Did we avoid it? No, we didn’t avoid it, as the history of the following years shows: terrorism spread throughout Italy as a result of state repression and the influence of ancient ideologies that still had a deep root in Italian social and cultural reality. After the libertarian and joyful phase of the movements, the tragic and totalitarian moment of terrorism came. And heroin spread in the recesses of desire, dragging the community into the suspended ecstasy of a dream waiting to sink into the imminent nightmare of the dependence of fear and cold turkey. Traum Fabrik was the space where that ecstasy, that suspension, and that nightmare were experienced in existence and creation. We had promised ourselves to transition from the lyrical to the epic, from the affectionate joy of the desiring community to the epic explosion of liberating social potential. And at the same time, we wanted to avoid the tragic, violence, repression, and terror. We didn’t succeed in that project, but it didn’t depend solely on our will. The history of that movement and those years of transition from late modernity to the post-modernity of the 1980s could be read through the magnifying lens of rhetorical figures and poetic (and ethical) forms: different styles of expression that succeeded each other in the spirit of the time.

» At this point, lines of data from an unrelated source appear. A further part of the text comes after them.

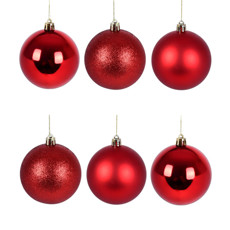 Imagem de BOLA NATALINA DECORATIVA VERMELHA 8CM EM PVC 6 PEÇAS - GRILLO - Grillo Ltda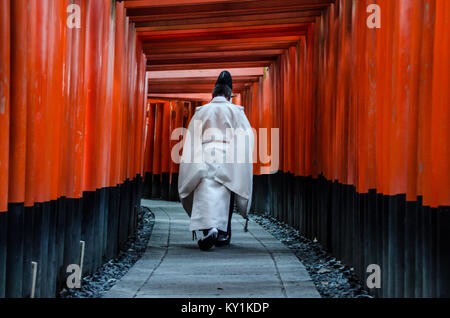 Japanese Priest walking up hill in Kyoto most famous shine, Fushima Inari Shine. The shine possess big amount of torii gate all the way to the peak. Stock Photo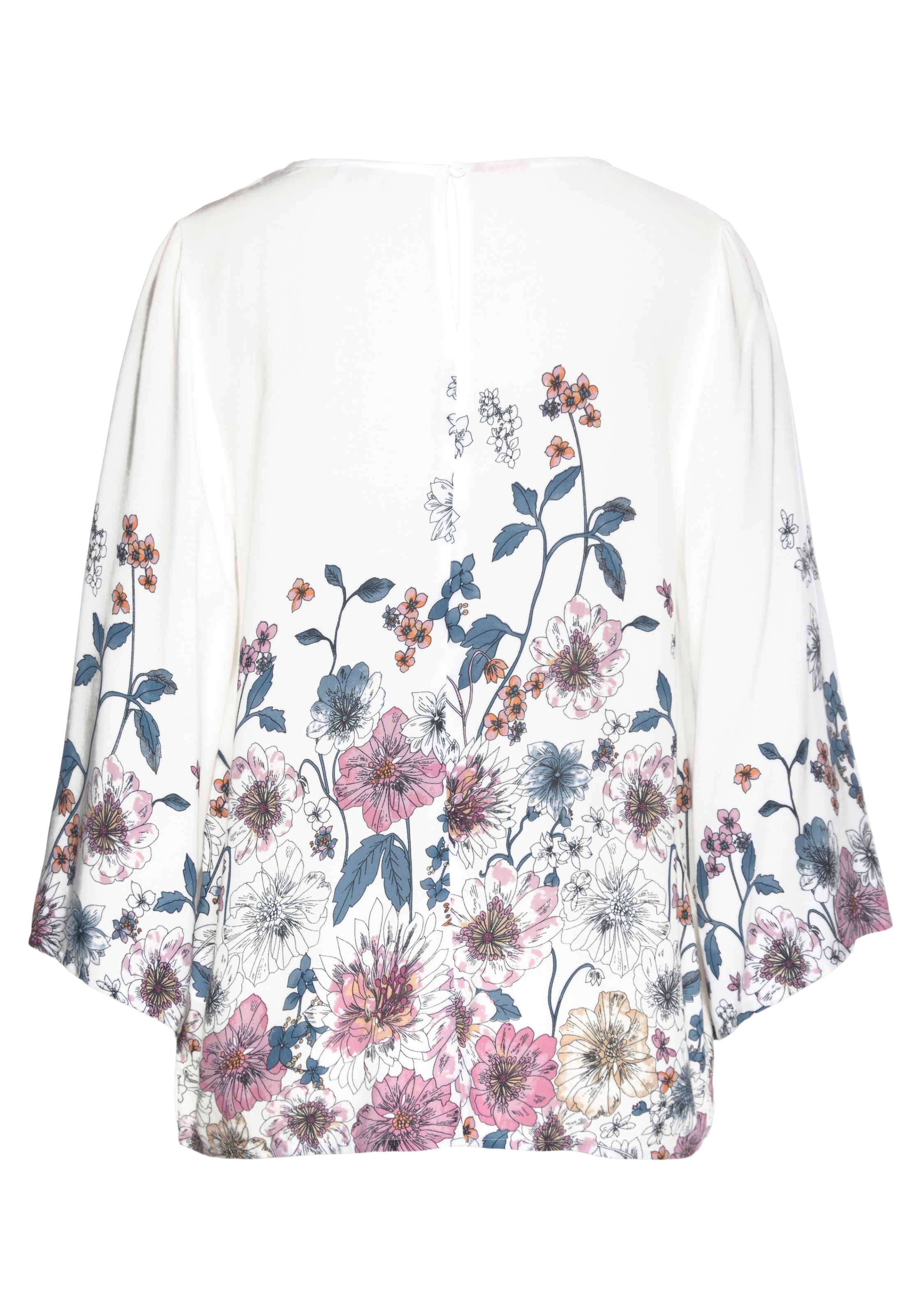 LASCANA Schlupfbluse, mit Blumenprint und Trompetenärmeln, Blusenshirt, sommerlich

Lyrical, epic, and tragic were certainly significant forms of expression in the history of the movements of those years. When the lyrical language (intimate, whispered, and friendly) tried to transform into an epic language (historical, lofty, and aggressive), it often encountered the tragedy of history stemming from the history of the great revolutions of the twentieth century and the tragedy of a future that seemed to be erasing itself, as punk was announcing. Traum Fabrik announces the message of punk to the peaceful Emilian province and translates it into schizoid colors and psychopathic forms of scribbled cards, waiting for the pusher to arrive. How can we linguistically define the style of Traum Fabrik? There is irony, but there is also tragedy, and above all, there is an obscurely luminous premonition.

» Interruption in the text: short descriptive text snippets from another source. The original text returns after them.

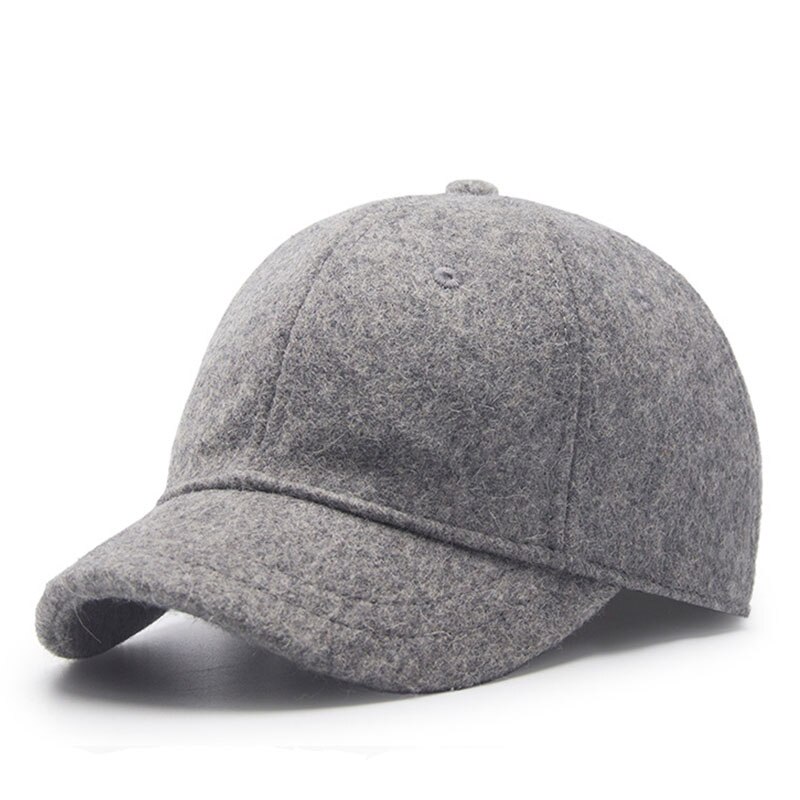 Gorra de béisbol de mezcla de lana de , de Color sólido gorra de béisbol, visera corta para el sol para hombres, gorras de béisbol casuales de combinar para mujeres, Snapback, novedad: Light gray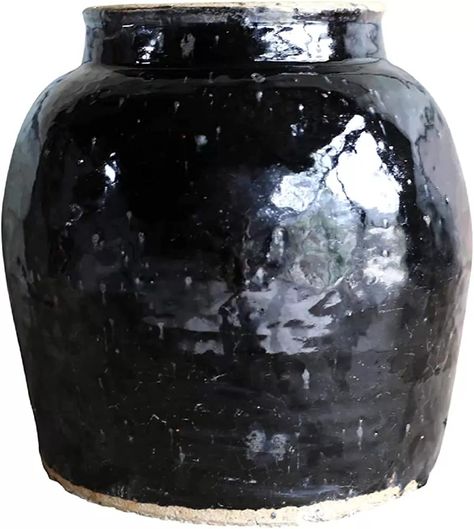 Artissance Large Vintage Oil Pot with Black Glaze, 11 Inch Tall (Size & Finish Vary) | Amazon (US) Rough Linen, Natural Living Room, Rustic Traditional, A&b Home, Vintage Inspired Decor, Black Glaze, Black Coffee Tables, Wool Pillow, Ceramic Pots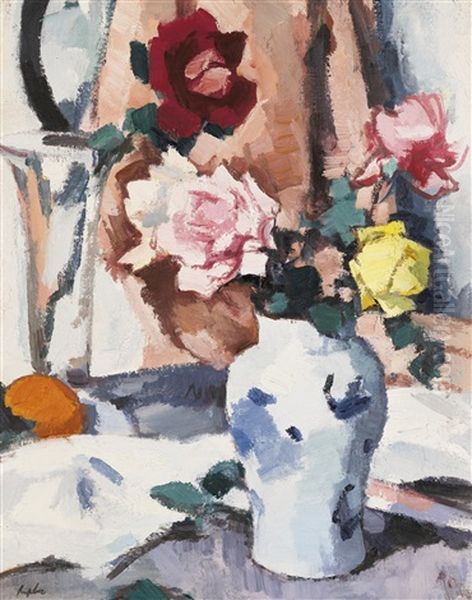 Red, Pink And Yellow Roses In A Blue Vase Oil Painting by Samuel John Peploe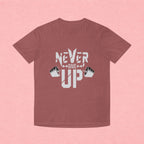Never Give Up Fitness Tee — Motivational Weightlifting T‑Shirt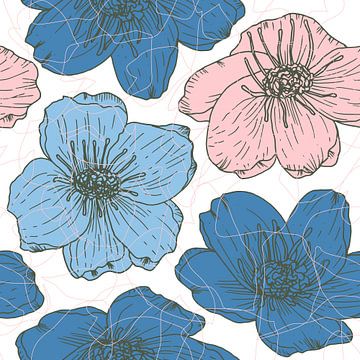 Bloemen in retro stijl. Moderne abstracte botanische kunst. Pastelkleuren roze, blauw, wit van Dina Dankers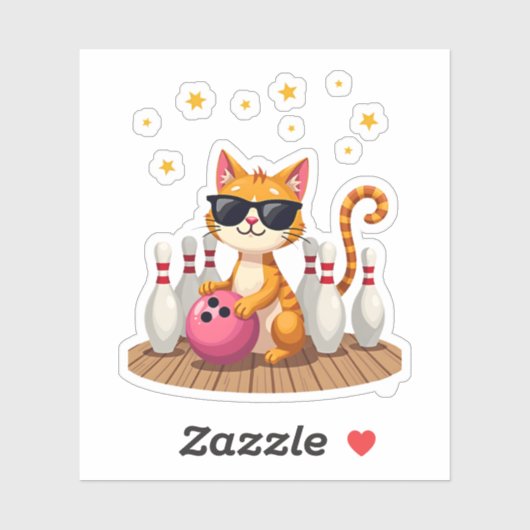 Sticker Chat mignon Avec Lunettes De Soleil Chat Jouer Bow (Feuille)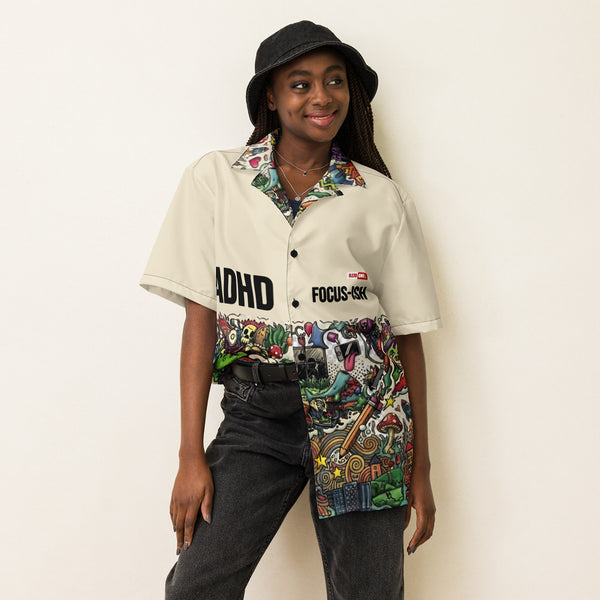 ILLTOCHILL Adhd Attention deficit awareness Unisex button shirt – Women's Lifestyle Front (Black)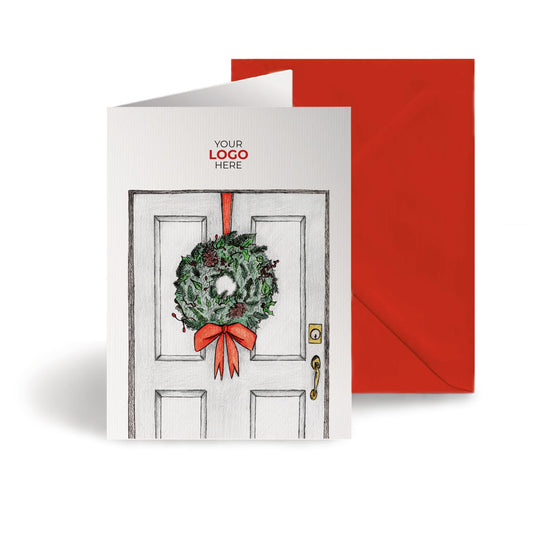 ‘Wreath on Door’  Customised Corporate Christmas Cards image 0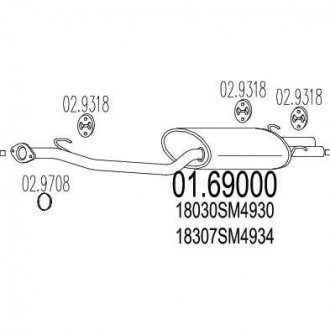 Купить Глушитель Honda Accord MTS 01.69000 (фото1) подбор по VIN коду, цена 4368 грн.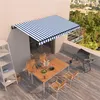 Image de vidaXL Luifel automatisch uittrekbaar 400x350 cm blauw en wit3069186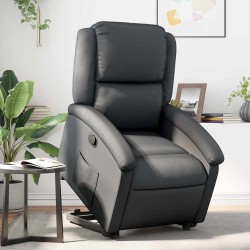 Fauteuil inclinable noir cuir véritable 625879625879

What is irony? A very difficult question. Scholars say that irony is a rhetorical figure that allows us to say one thing while apparently saying its opposite or saying something very different. Of course, this is one possible definition of irony, but I wouldn’t say it is a perfect definition. In fact, there is no perfect definition of irony. Irony is indefinable. To define irony is something decidedly lacking in irony. If you really ask me to define this word, I would say that irony is a linguistic gesture that produces an effect of suspending reality. Suspending reality means not feeling its weight. That’s it, I would say that irony is a linguistic gesture that allows the person who performs it to not feel the weight of reality, to feel free from the weight of reality. The omnipotence of language, the effect of lightness.

Traum Fabrik stages a form of premonitory tragic irony. Irony suspends the weight of reality, plays the signifier against the signified, and chooses among the countless possible interpretations the one that appears lighter, airier, more volatile. Irony infinitely expands the field of meaning to make any meaning connect to any signifier semantically possible. Freedom from the weight of the relationship of meaning, that is irony. Expansion of the field of interpretation to liberate oneself from reality.

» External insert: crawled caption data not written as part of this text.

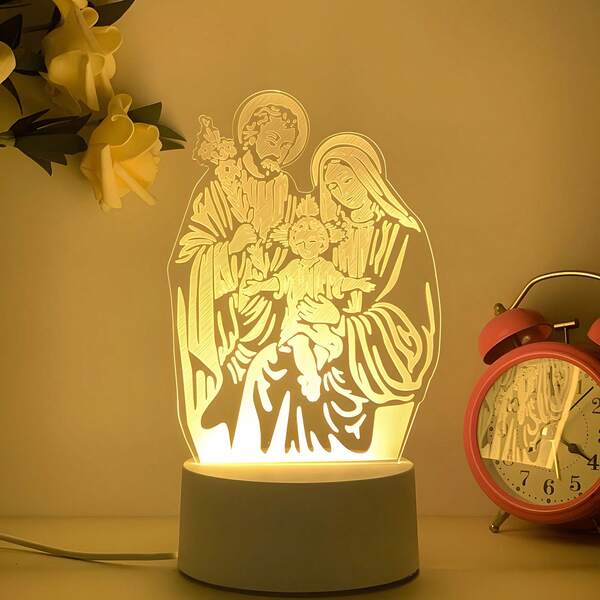 1pc Acrylic LED Night Light, Religious Theme - USB Powered, Warm White Light, Suitable For Bedroom - Button Control, Non-Changing Color Light, Perfect For Ramadan, Thanksgiving, Valentine's Day, Christmas And Graduation Events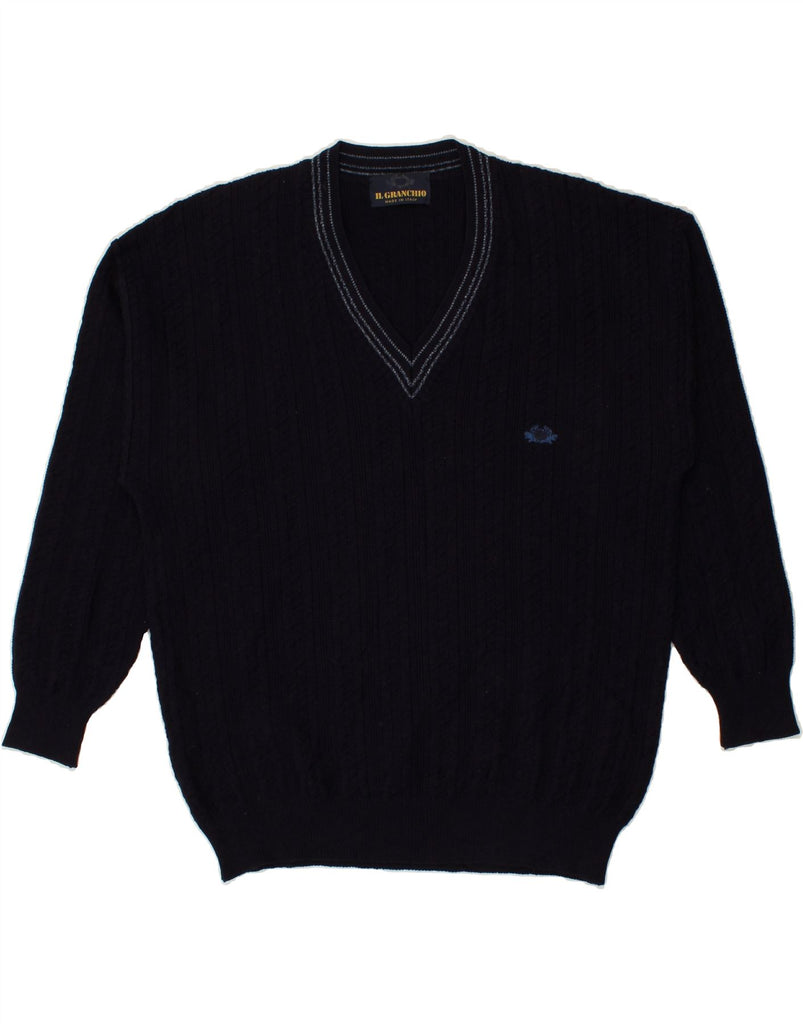 IL GRANCHIO Mens V-Neck Jumper Sweater Small Navy Blue Acrylic | Vintage Il Granchio | Thrift | Second-Hand Il Granchio | Used Clothing | Messina Hembry 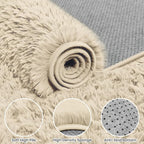 4x6 Area Rugs for Living Room Rug: Soft Fluffy Shag Beige Rugs for Bedroom - Image 6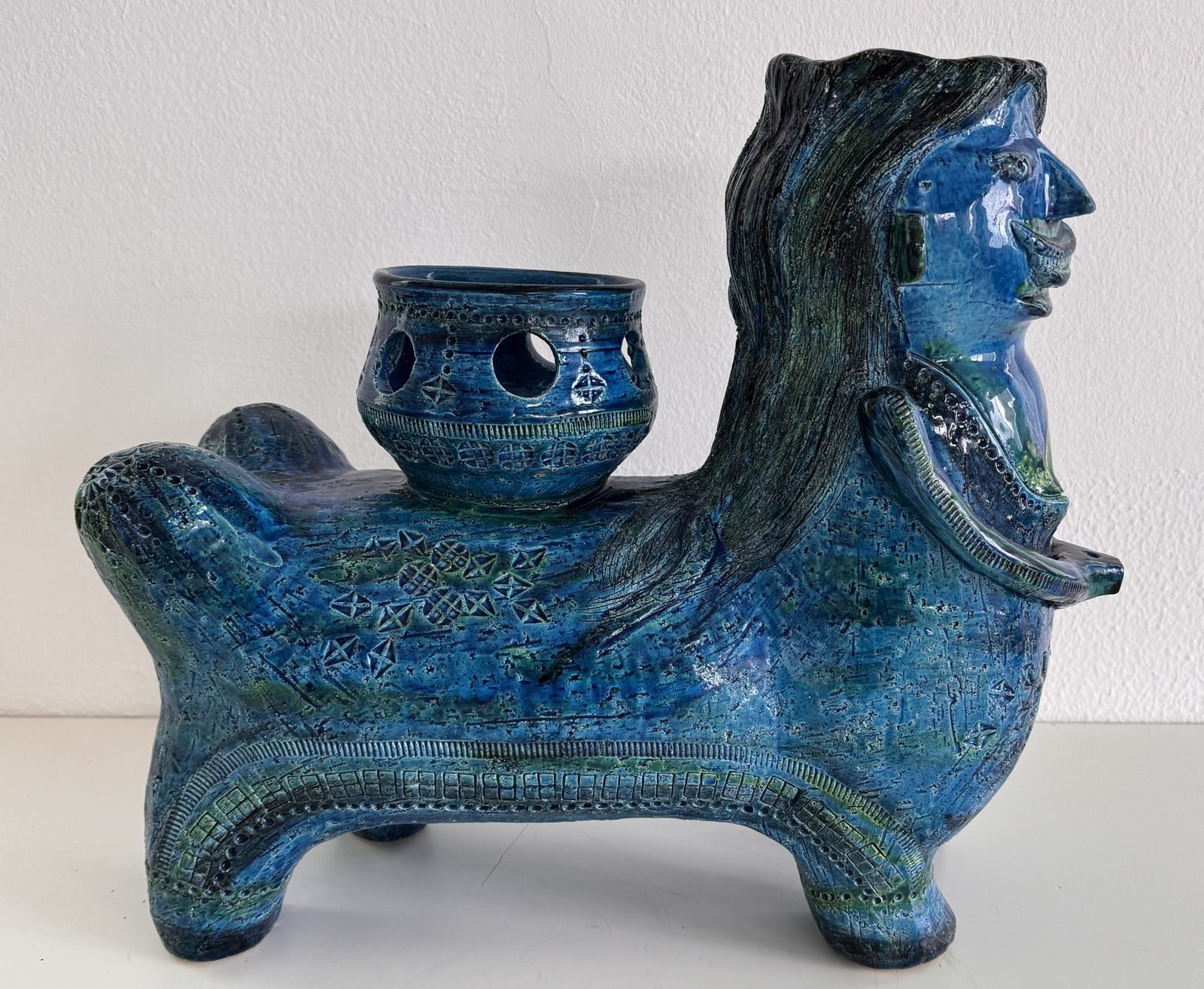 photo furniture Aldo Londi For Bitossi Rimini Blu Ceramic Plant Centaur Sculpture, Italy, 1960s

But reality loomed over the historical and social scene in the years when Margaret Thatcher and Ronald Reagan began the neoliberal offensive that over time has wiped away the traces of solidarity among human beings. In the years when war regained its place, a dark lord of human affairs.

Traum Fabrik exhibits ecstasy and torment, jokes about the inevitable, inscribes it into the flesh, sinks into the psychopathic abyss. Premonitory nightmare maps the future.